Exercise requirements
I would like every line of the records below that contains the word "High" copied.

Excerpted data
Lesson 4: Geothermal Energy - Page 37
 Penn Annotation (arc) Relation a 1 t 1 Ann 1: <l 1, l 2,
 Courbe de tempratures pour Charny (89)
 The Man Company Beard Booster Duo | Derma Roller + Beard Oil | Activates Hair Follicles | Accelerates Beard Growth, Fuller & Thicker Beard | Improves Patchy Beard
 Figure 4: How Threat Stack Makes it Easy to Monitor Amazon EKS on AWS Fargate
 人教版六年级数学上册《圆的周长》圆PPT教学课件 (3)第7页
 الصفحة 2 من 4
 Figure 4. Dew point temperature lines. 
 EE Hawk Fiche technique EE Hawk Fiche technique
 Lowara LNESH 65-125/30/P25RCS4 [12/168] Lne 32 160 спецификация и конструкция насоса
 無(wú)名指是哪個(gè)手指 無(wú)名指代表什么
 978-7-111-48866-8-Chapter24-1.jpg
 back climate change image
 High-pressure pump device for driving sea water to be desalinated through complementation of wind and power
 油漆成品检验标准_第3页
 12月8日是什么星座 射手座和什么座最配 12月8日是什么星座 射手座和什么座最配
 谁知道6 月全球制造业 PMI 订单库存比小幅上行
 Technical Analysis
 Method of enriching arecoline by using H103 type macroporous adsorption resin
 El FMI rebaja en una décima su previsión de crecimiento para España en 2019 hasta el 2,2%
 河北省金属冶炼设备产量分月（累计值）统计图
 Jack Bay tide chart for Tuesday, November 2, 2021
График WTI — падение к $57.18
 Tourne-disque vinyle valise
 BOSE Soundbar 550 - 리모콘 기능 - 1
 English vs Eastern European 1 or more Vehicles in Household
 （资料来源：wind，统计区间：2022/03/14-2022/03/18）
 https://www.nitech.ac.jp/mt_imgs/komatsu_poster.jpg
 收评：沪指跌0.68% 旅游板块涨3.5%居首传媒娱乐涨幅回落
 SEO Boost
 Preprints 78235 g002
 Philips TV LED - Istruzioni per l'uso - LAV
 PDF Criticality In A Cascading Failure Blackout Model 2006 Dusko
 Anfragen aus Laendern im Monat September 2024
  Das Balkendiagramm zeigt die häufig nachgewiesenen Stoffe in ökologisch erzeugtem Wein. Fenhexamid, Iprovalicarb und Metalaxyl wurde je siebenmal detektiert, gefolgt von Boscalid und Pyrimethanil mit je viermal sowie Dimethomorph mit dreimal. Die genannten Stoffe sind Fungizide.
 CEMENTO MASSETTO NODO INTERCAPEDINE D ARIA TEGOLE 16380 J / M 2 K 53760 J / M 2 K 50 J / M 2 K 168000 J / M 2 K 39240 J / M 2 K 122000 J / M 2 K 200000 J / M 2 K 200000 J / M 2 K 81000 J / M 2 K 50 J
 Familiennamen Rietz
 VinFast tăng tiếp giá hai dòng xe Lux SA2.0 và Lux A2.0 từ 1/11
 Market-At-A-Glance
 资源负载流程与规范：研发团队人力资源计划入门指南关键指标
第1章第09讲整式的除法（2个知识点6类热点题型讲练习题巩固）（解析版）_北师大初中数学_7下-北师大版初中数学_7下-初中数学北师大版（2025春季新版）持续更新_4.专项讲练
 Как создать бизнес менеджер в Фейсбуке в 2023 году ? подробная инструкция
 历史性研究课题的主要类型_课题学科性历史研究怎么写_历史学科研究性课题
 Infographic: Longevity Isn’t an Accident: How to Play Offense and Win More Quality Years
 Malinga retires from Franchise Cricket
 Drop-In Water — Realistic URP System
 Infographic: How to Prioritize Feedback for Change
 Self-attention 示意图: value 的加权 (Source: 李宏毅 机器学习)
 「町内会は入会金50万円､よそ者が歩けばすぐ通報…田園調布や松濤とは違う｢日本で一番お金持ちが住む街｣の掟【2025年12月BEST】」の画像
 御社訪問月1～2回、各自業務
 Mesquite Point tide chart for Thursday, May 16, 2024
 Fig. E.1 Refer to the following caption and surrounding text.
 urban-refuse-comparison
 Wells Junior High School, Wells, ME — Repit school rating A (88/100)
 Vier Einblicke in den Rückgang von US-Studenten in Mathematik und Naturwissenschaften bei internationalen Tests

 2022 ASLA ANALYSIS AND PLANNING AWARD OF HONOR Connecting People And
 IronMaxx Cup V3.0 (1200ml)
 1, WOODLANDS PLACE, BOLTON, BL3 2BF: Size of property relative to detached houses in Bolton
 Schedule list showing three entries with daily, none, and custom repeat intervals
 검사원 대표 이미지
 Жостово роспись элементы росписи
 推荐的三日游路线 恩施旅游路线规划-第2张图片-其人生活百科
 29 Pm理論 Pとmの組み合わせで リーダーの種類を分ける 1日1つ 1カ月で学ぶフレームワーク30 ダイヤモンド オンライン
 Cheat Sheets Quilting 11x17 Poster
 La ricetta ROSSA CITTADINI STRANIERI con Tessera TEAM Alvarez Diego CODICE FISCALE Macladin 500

Finished exercise
 High-pressure pump device for driving sea water to be desalinated through complementation of wind and power
 Wells Junior High School, Wells, ME — Repit school rating A (88/100)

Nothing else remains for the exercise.